DJE DE 03-10-2022 – SOCIEDADE FALECIMENTO DE SÓCIO  HERDEIROS NÃO INTERESSAM INGRESSAR NA SOCIEDADE INVENTÁRIO EM ANDAMENTO PARA APURAÇÃO DOS VALORES AOS HERDEIROS, NECESSIDADE DE TERMINO DO INVENTÁRIO E ALVARÁ PARA QUE O ESPÓLIO TRANSFIRA AS QUOTAS DO FALECIDO,.

negativa de averbação de alterações em seu contrato social, as quais trataram da liquidação de quotas sociais de sócio falecido (Antonio José da Cruz), de apuração de haveres e de redução de seu capital social.

Os óbices opostos estão na necessidade de comprovação da finalização de inventário judicial ou extrajudicial que trate da partilha dos bens do de cujus ou de exibição de alvará judicial que autorize a transferência das quotas sociais e de justificação à redução do capital social (se houve perdas irreparáveis ou se há excesso em relação ao objeto social fl. 79).

Evidencia-se, assim, que o prazo para que os herdeiros manifestem seu eventual interesse em ingressar na sociedade ainda não se iniciou. Note-se que também não houve autorização de liquidação ou de transferência das quotas sociais pelo juízo do inventário.

A liquidação como feita, de forma antecipada, inviabiliza eventual manifestação de vontade dos herdeiros, o que afronta norma estatutária expressa.
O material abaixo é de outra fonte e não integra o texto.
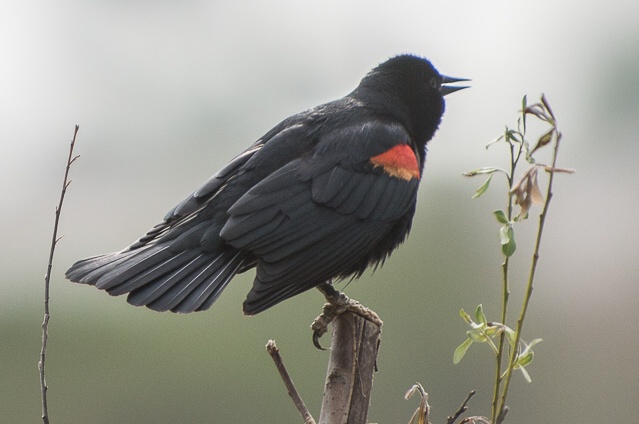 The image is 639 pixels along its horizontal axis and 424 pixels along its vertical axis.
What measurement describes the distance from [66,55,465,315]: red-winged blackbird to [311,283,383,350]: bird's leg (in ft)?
0.21

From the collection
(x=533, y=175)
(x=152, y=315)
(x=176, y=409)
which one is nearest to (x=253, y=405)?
(x=176, y=409)

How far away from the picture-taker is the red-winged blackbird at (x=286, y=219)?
2.83 meters

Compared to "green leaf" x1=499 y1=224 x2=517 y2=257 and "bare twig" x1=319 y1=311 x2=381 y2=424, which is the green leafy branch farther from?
"bare twig" x1=319 y1=311 x2=381 y2=424

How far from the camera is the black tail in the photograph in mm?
2723

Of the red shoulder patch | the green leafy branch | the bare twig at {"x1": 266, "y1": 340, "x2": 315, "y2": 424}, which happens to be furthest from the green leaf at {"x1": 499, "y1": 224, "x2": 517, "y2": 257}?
the red shoulder patch

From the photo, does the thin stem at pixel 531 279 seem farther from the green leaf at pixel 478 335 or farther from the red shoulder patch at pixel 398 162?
the red shoulder patch at pixel 398 162

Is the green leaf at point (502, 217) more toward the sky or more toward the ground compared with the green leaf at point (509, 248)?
more toward the sky

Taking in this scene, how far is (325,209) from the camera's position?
318 centimetres

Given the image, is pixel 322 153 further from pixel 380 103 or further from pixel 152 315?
pixel 152 315

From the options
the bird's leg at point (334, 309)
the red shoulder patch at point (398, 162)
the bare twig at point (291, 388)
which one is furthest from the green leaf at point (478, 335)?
the red shoulder patch at point (398, 162)

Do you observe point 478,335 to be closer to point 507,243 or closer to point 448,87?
point 507,243

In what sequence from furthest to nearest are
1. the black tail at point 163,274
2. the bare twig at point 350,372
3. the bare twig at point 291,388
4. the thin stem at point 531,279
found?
the black tail at point 163,274
the bare twig at point 350,372
the bare twig at point 291,388
the thin stem at point 531,279

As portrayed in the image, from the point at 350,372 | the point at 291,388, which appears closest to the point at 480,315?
the point at 291,388

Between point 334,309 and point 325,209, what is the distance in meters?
0.43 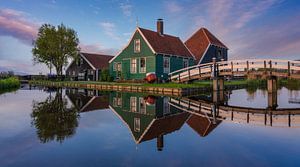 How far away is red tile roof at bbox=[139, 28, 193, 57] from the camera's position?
30458mm

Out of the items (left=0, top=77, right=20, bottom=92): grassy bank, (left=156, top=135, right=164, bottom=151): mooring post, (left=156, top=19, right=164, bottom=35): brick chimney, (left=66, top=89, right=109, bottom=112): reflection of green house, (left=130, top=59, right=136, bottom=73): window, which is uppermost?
(left=156, top=19, right=164, bottom=35): brick chimney

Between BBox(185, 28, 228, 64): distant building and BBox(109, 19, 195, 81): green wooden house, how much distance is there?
3878 millimetres

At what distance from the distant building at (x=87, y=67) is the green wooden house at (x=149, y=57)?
10.1m

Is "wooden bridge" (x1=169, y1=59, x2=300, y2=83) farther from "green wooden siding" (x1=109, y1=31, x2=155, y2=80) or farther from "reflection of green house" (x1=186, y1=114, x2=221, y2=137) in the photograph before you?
"reflection of green house" (x1=186, y1=114, x2=221, y2=137)

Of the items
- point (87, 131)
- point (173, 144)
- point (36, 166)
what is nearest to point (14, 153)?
point (36, 166)

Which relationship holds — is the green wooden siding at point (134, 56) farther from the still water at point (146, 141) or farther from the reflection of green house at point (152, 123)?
the still water at point (146, 141)

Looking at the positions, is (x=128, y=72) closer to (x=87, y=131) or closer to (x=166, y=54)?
(x=166, y=54)

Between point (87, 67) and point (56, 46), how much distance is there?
8.27 metres

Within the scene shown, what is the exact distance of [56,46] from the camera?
156 ft

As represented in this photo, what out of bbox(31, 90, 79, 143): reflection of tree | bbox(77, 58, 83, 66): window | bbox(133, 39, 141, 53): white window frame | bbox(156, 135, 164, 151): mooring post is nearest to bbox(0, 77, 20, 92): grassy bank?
bbox(77, 58, 83, 66): window

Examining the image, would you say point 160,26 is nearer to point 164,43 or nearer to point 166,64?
point 164,43

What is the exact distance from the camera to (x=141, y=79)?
101 ft

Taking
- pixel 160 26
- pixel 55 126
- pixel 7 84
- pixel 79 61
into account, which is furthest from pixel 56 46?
pixel 55 126

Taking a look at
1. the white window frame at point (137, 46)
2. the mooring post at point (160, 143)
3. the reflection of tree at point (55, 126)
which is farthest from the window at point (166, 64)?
the mooring post at point (160, 143)
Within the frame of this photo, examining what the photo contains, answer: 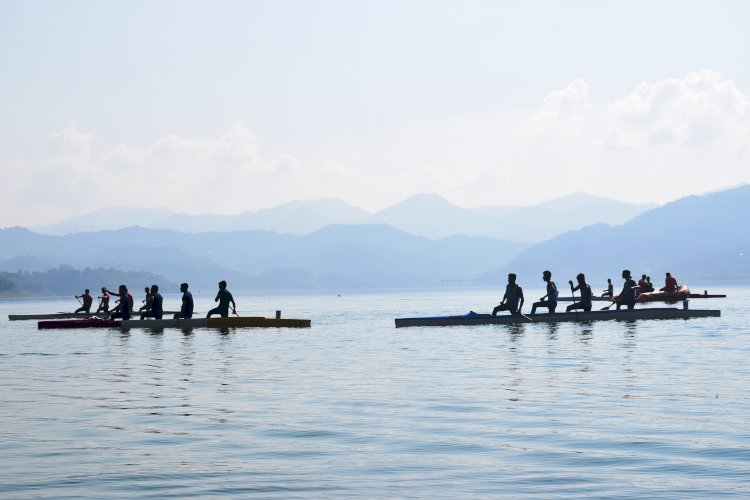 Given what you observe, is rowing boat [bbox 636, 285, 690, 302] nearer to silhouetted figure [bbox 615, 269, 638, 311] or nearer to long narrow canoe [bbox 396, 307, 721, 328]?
long narrow canoe [bbox 396, 307, 721, 328]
Esta conclusão se reforça pelo fato de não ter havido participação do inventariante ou dos herdeiros no procedimento (fls. 56/64).

Processo 1087684-68.2022.8.26.0100 1ª VRP – CAPITAL

Pedido de Providências – Estatuto Social da Empresa – Vox Line Contact Center Intermediação de Pedidos Ltda – Diante do exposto, JULGO PARCIALMENTE PROCEDENTE o pedido para manter a exigência de comprovação da finalização de inventário judicial ou extrajudicial que trate da partilha dos bens do sócio falecido ou de exibição de alvará judicial que autorize a transferência das quotas sociais. Deste procedimento não decorrem custas, despesas processuais ou honorários advocatícios. Oportunamente, ao arquivo. P.R.I.C. – ADV: MAÍRA SAMPAIO CAVALCANTI (OAB 398239/SP)

Íntegra da decisão:

SENTENÇA -– Texto selecionado e originalmente divulgado pelo INR –

Classe – Assunto Pedido de Providências – Estatuto Social da Empresa

Requerido: 1º Oficial de Registro de Titulos e Documentos e Civil de Pessoa Juridica da

Capital

Juiz(a) de Direito: Dr(a). Luciana Carone Nucci Eugênio Mahuad

Vistos.

Trata-se de pedido de providências formulado por Vox Line – Contact Center Intermediação de Pedidos Ltda em face do Oficial do 1º Registro de Títulos e Documentos e Civil de Pessoa Jurídica da Capital diante de negativa de averbação de alterações em seu contrato social, as quais trataram da liquidação de quotas sociais de sócio falecido (Antonio José da Cruz), de apuração de haveres e de redução de seu capital social.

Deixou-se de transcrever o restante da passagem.